Input material START

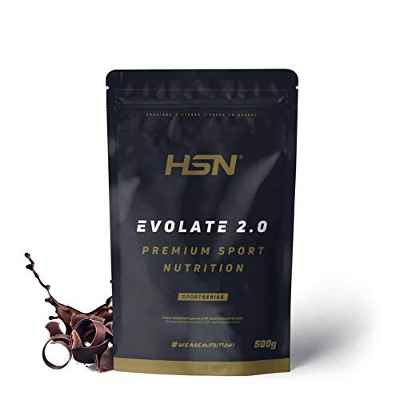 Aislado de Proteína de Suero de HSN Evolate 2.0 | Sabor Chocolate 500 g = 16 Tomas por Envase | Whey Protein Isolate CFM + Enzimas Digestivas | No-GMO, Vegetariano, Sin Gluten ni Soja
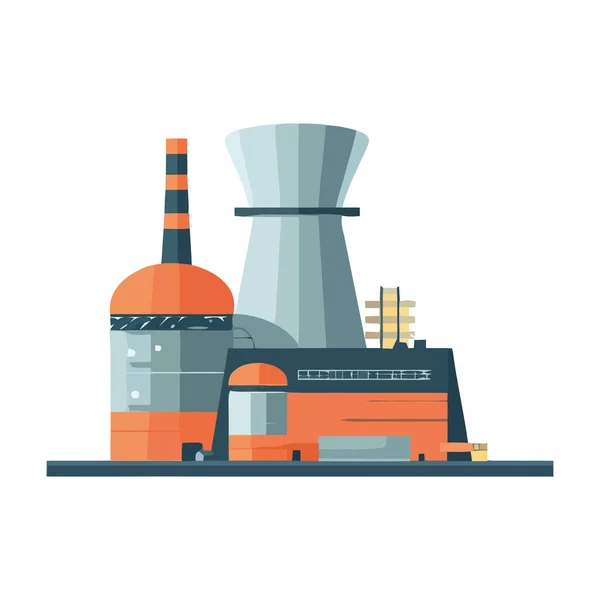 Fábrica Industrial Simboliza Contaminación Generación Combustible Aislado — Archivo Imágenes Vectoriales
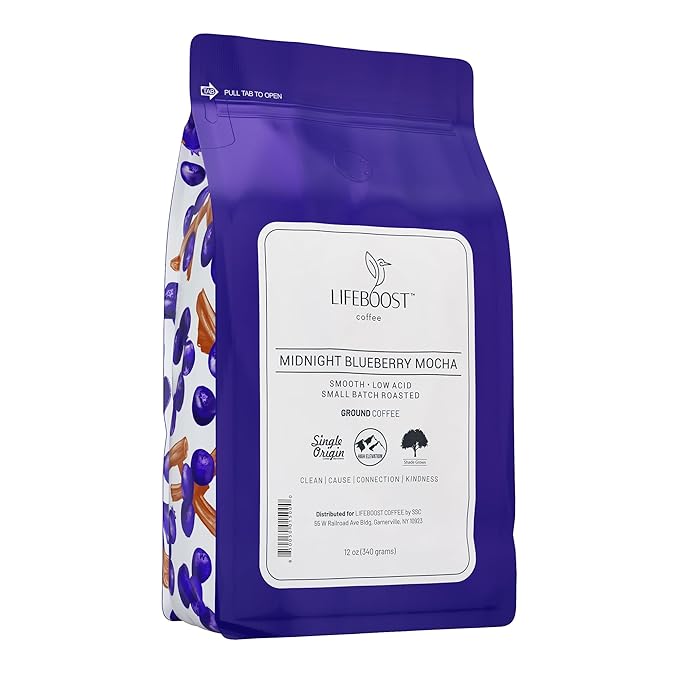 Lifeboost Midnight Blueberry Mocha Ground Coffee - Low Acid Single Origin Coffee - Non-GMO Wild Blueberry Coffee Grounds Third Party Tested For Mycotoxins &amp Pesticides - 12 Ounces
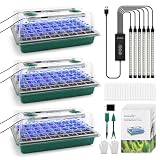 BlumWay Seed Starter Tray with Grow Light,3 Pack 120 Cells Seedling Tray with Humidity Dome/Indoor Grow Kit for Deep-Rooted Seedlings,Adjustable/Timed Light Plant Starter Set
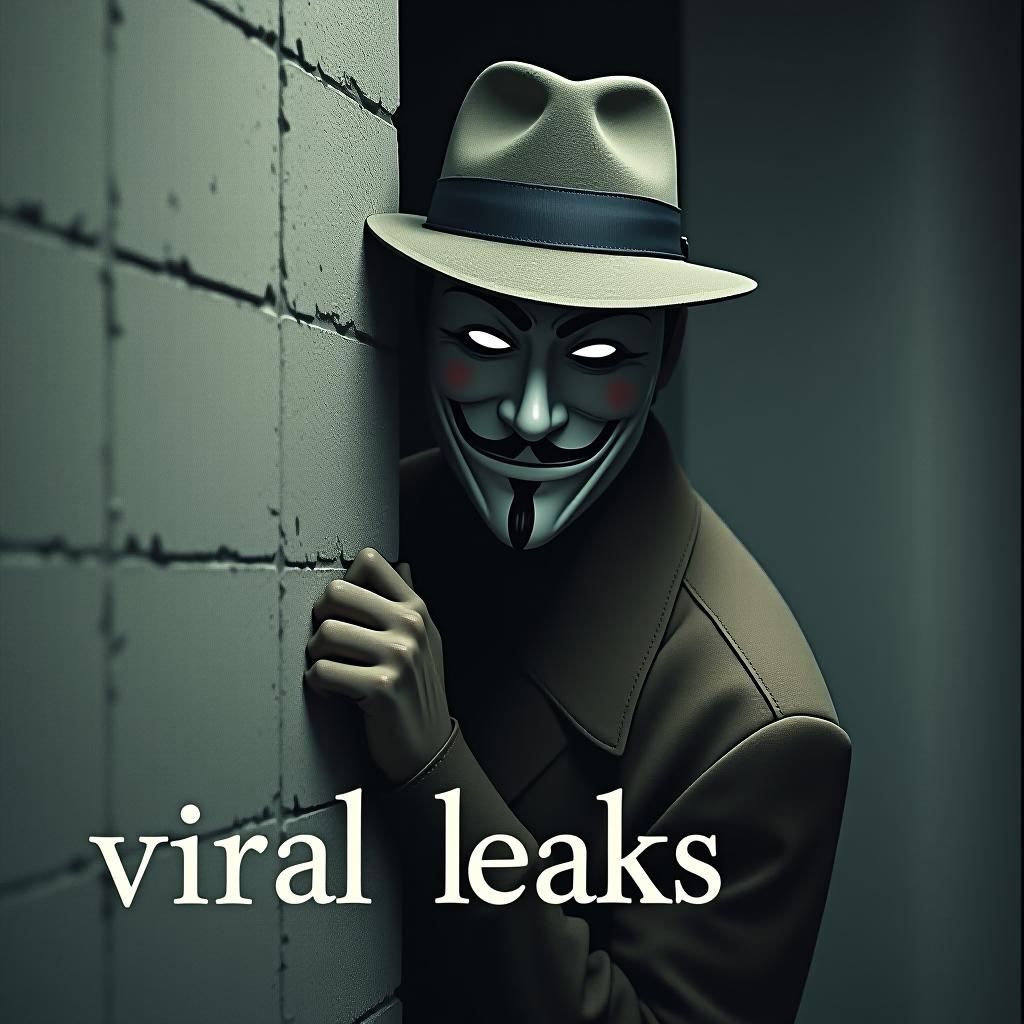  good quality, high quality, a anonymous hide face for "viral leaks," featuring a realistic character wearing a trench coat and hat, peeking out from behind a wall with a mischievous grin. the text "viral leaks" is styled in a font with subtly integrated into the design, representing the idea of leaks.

Input material END
Input material START

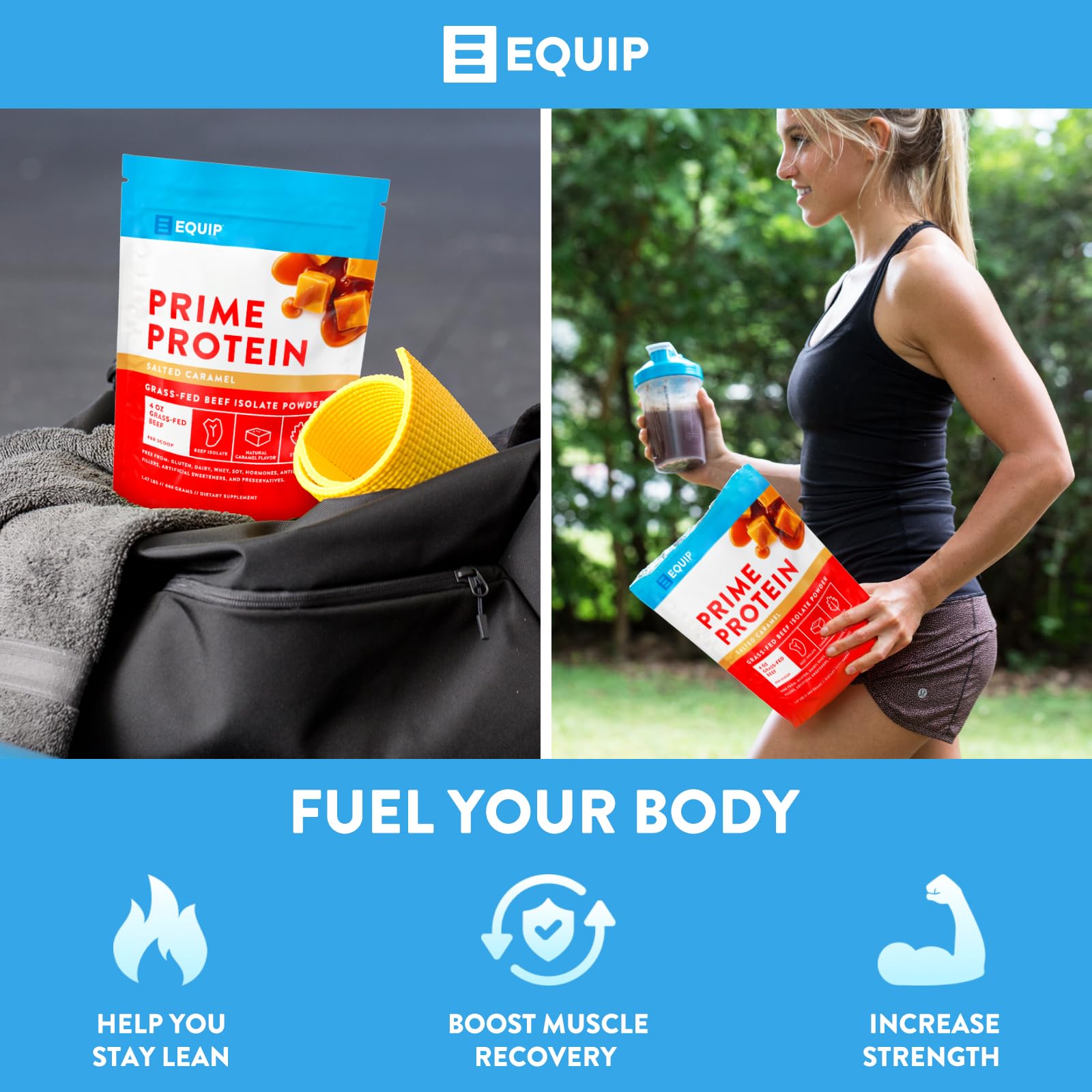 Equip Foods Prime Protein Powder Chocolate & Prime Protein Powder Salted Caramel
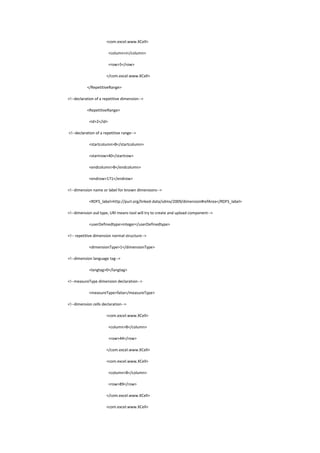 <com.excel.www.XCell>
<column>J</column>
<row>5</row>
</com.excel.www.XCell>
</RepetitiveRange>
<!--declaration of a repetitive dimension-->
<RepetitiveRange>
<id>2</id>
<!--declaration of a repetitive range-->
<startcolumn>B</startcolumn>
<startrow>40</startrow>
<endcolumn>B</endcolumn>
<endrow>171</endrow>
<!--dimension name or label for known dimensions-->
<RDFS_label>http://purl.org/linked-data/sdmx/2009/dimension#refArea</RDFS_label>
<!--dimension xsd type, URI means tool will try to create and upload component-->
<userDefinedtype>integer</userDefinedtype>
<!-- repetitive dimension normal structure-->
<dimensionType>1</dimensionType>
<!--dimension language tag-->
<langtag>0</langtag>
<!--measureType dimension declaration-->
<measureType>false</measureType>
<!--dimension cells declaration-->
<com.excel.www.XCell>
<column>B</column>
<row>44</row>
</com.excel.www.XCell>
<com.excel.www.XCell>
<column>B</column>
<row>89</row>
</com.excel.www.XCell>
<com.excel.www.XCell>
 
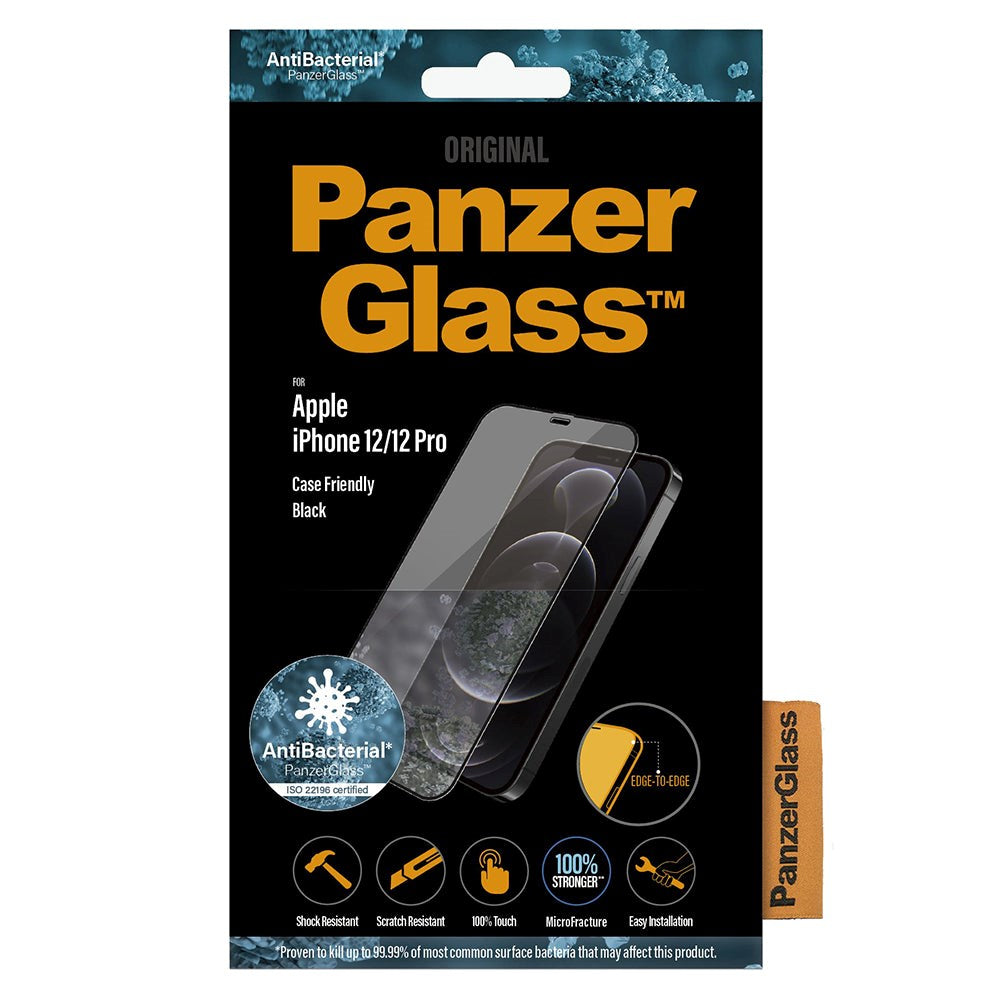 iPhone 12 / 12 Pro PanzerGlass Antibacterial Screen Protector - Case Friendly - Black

Input material END

» **Exercise description**
Repeat the lines above exactly, beginning with the one containing "Aislado de Proteína" and finishing with the one containing "good quality, high". No pictures belong in the copy.

» **Finished exercise**
 Aislado de Proteína de Suero de HSN Evolate 2.0 | Sabor Chocolate 500 g = 16 Tomas por Envase | Whey Protein Isolate CFM + Enzimas Digestivas | No-GMO, Vegetariano, Sin Gluten ni Soja
 Fábrica Industrial Simboliza Contaminación Generación Combustible Aislado — Archivo Imágenes Vectoriales
 Lifeboost Midnight Blueberry Mocha Ground Coffee - Low Acid Single Origin Coffee - Non-GMO Wild Blueberry Coffee Grounds Third Party Tested For Mycotoxins &amp Pesticides - 12 Ounces
 BlumWay Seed Starter Tray with Grow Light,3 Pack 120 Cells Seedling Tray with Humidity Dome/Indoor Grow Kit for Deep-Rooted Seedlings,Adjustable/Timed Light Plant Starter Set
  good quality, high quality, a anonymous hide face for "viral leaks," featuring a realistic character wearing a trench coat and hat, peeking out from behind a wall with a mischievous grin. the text "viral leaks" is styled in a font with subtly integrated into the design, representing the idea of leaks.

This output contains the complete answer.